Es geht um die Abschaffung von Umwelt- und Arbeitnehmerstandards. Es geht um Abschaffungen bei Verbraucherschutzstandards. Das ist das – Herr Lindner hat es uns noch mal in aller Intensität vorgetragen –, was die FDP immer predigt. Sie wollen zum Beispiel das moderate Ladenöffnungsgesetz aufweichen und das Tariftreue- und Vergabegesetz praktisch abschaffen. Damit bauen Sie nicht nur hier Sozialstandards ab, sondern auch in anderen Ländern. Sie sorgen dafür, dass menschenwürdige Arbeitsbedingungen nicht mehr vom Land gefördert und unterstützt werden.

Die bemerkenswerteste Stellungnahme habe ich von der Vorsitzenden der Christlichen Initiative Romero aus Münster gelesen, die dringend davor warnte, diese Standards wieder abzuschaffen. Die Mahnung einer christlichen Initiative sollten Sie sich zu Herzen nehmen, Herr Ministerpräsident. Lassen Sie das Tariftreue- und Vergabegesetz in Kraft!

(Beifall von den GRÜNEN)

Kommen wir zum Bereich der Digitalisierung. Herr Laschet und Herr Lindner, Sie haben bei der Unterzeichnung des Koalitionsvertrags behauptet, Nordrhein-Westfalen würde jetzt stärker, moderner und digitaler. Herr Lindner hat es eben noch mal wiederholt.

Aber was wird denn jetzt digitaler? Wird NRW mit Ihnen zu dem Start-up-Land, von dem Sie gesprochen haben? – Wohl kaum. Denn eine der ersten

Amtshandlungen des neuen sogenannten Digitalministers Pinkwart war es ja, den Beauftragten für die Digitale Wirtschaft des Landes zu entlassen. Mit der Unterstützung von Professor Kollmann sind in den letzten drei Jahren mehr als 1.000 neue digitale Start-ups entstanden.

(Zuruf von der CDU)

Schwarz-Gelb haut jetzt diese Struktur für eine Handvoll Euro einfach weg. Sie begründen es nicht; Sie schaffen schlechtere Rahmenbedingungen als zuvor.

(Beifall von den GRÜNEN)

Die Begründung, die Sie dafür bieten, ist hanebüchen. Sie machen ohne Not funktionierende Strukturen kaputt. Das merkt jetzt auch die Start-up-Szene.

(Beifall von den GRÜNEN)

Kommen wir noch mal zur Umwelt. Sie wollen nicht nur die Windkraft bremsen, Nachhaltigkeitskriterien abschaffen und den Arbeitnehmerschutz rückabwickeln, sondern auch das Landesnaturschutzgesetz rückgängig machen. Statt auf Vorgaben wie beim Vertragsnaturschutz wollen Sie jetzt auf freiwillige Maßnahmen im Bereich der Förderung der Biodiversität setzen. Das hat schon in der Vergangenheit nicht geklappt. Das Artensterben wurde beschleunigt. Statt Artenschutz und biologischer Vielfalt droht Nordrhein-Westfalen eine fortschreitende Zerstörung von Lebensraum durch Überdüngung, Überackerung, Monokulturen und Pestizideinsatz.
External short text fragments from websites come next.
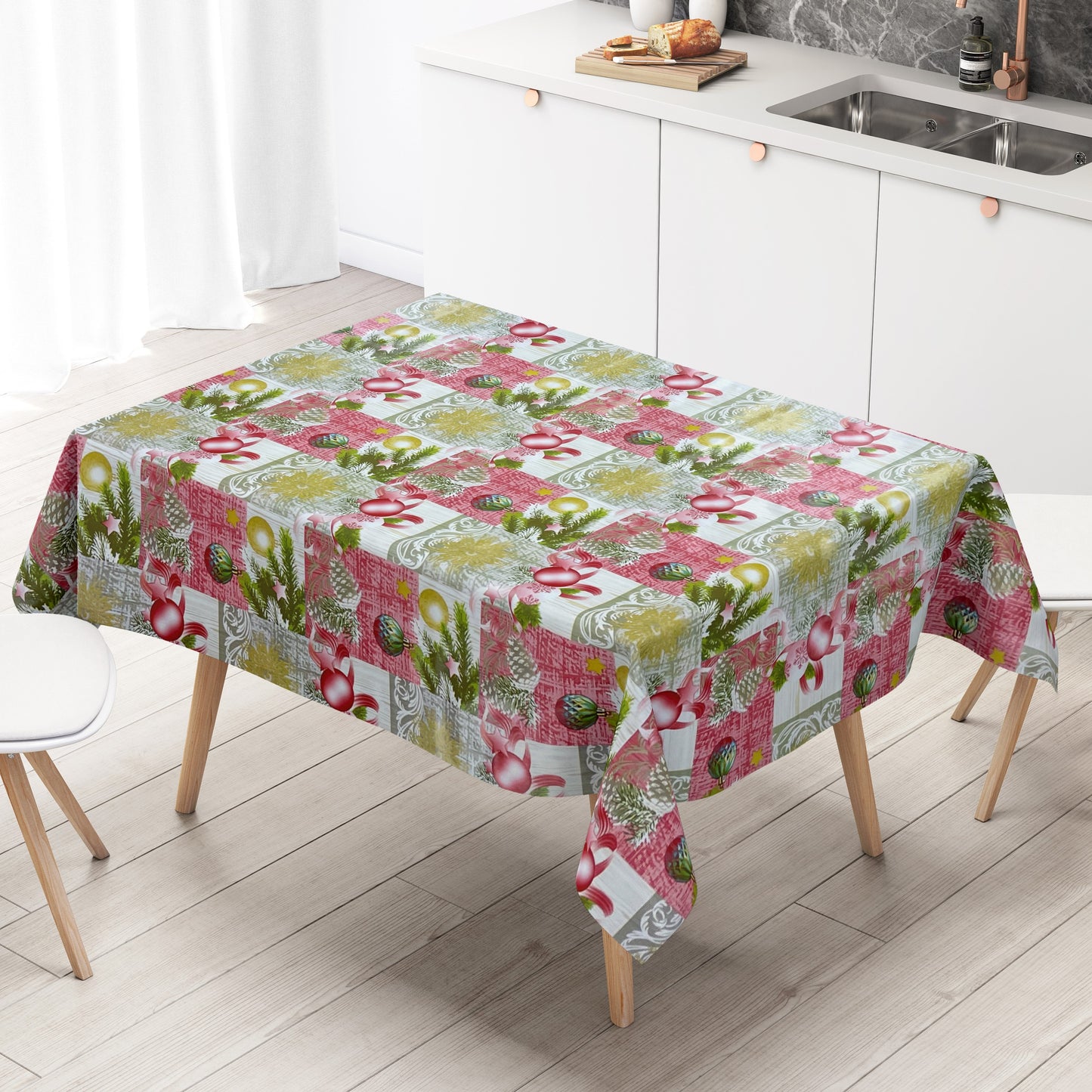 Wachstuch Rolle Weihnachten P848-2 Weihnachtskugeln Tannenzweig rot Rollenware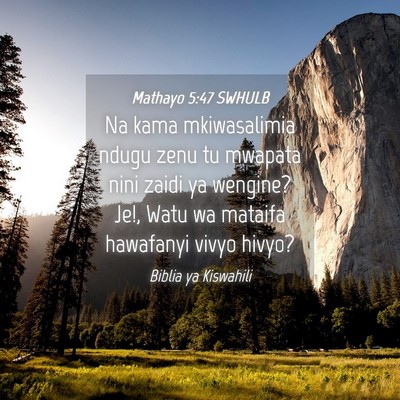 Picture 04 - Mathayo 5:47 SWHULB - Na kama mkiwasalimia ndugu zenu tu mwapata nini - Bible Verse Picture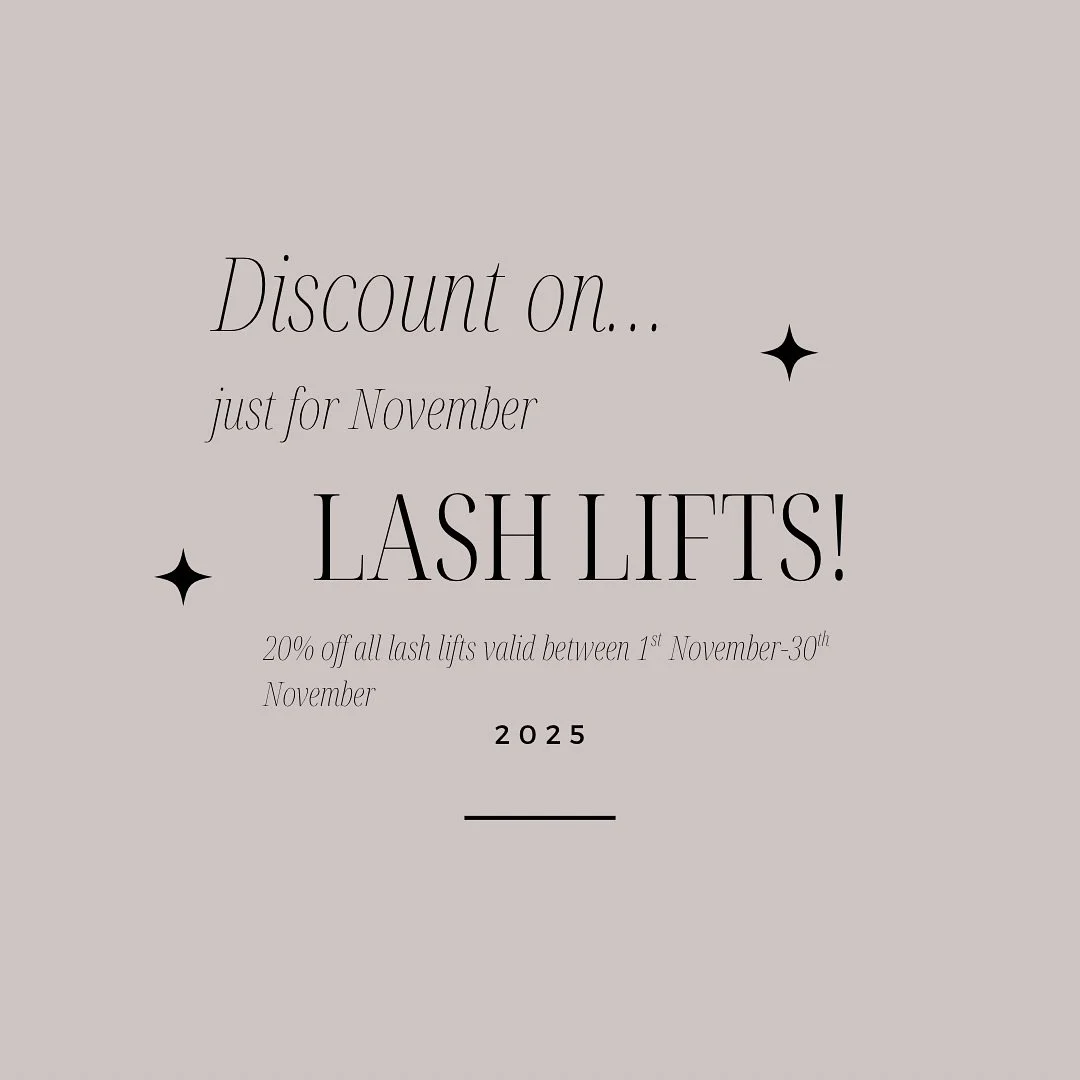 The wait is over! 

Between 1st Nov to 30th Nov we are offering 20% off lash lifts! Have you been wanting to try? Book now to save disappointment 💌

Please book your patch test 48 hours before your appointment- you need to message us in order to do 
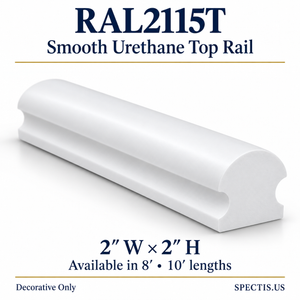 RAL2115T Spectis Smooth urethane top rail, 2 inches wide by 2 inches high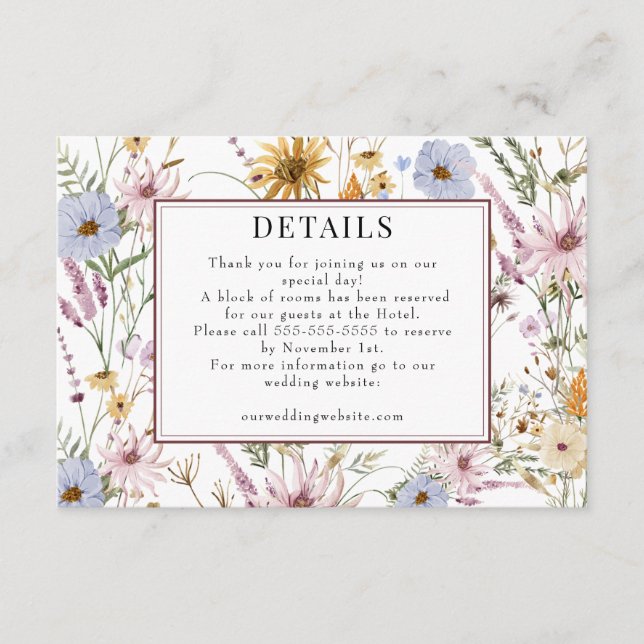 Carte D'accompagnement Fleur sauvage de printemps | Boho Chic Mariage | D (Devant)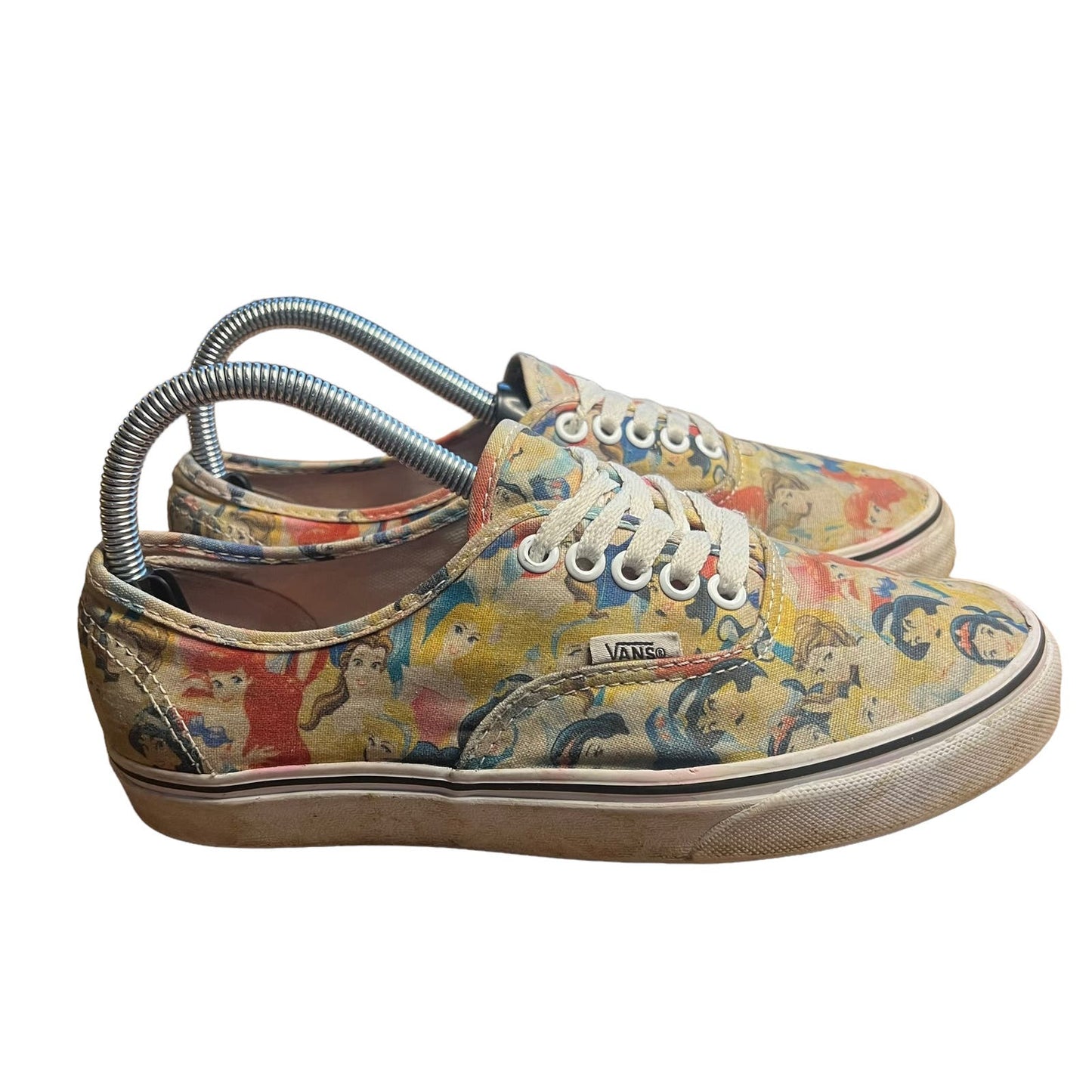 VANS x Disney Princess Canvas Sneakers Women's Lace-up Multicolor Low Top Size 8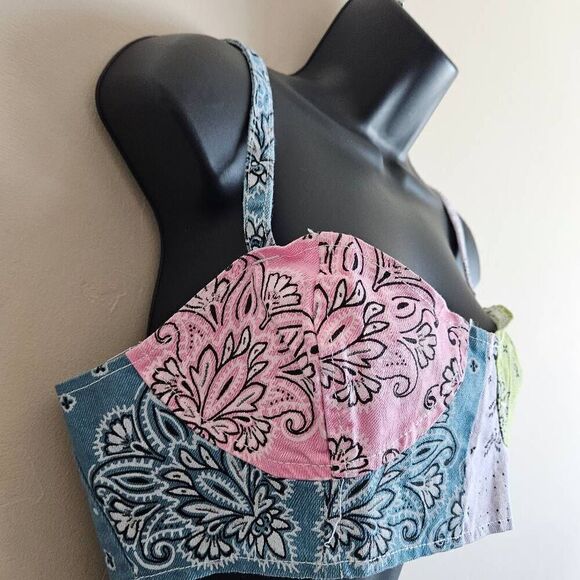 NWT Boohoo Blue Patchwork Denim Bralette Crop Top - Picture 3 of 9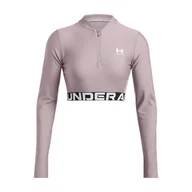Bluzy damskie - Top treningowy damski Under Armour Heat Gear Rib 1/4 Zip - miniaturka - grafika 1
(Zuruf von Josef Hovenjürgen [CDU])

In diesem Sommer war das Bienen- und Insektensterben in aller Munde.

Sie wollen nun auch das Landeswassergesetz rückabwickeln. Sie bezeichnen das Landeswassergesetz als falsche Weichenstellung. Wie kann ein Gesetz, mit dem wir unser Trinkwasser in einen ökologisch und chemisch einwandfreien Zustand bringen, eine grundsätzlich – so bezeichnen Sie es – falsche Weichenstellung sein? Lassen Sie das Landeswassergesetz in Kraft!

(Beifall von den GRÜNEN)

Es bietet gute Rahmenbedingungen für chemisch einwandfreies Wasser hier in diesem Land. Trinkwasser ist ein zentraler, wichtiger Faktor für eine lebenswerte Umwelt und im Leben der Menschen.

Kommen wir noch einmal zum Tierschutz. Die zuständige Ministerin ist nicht da. Aber wir haben ja gestern in der Debatte gemerkt, wie dünn ihre Aussagen sind und wie wenig sie auf die Fragen antworten kann und will, die wir ihr vorlegen.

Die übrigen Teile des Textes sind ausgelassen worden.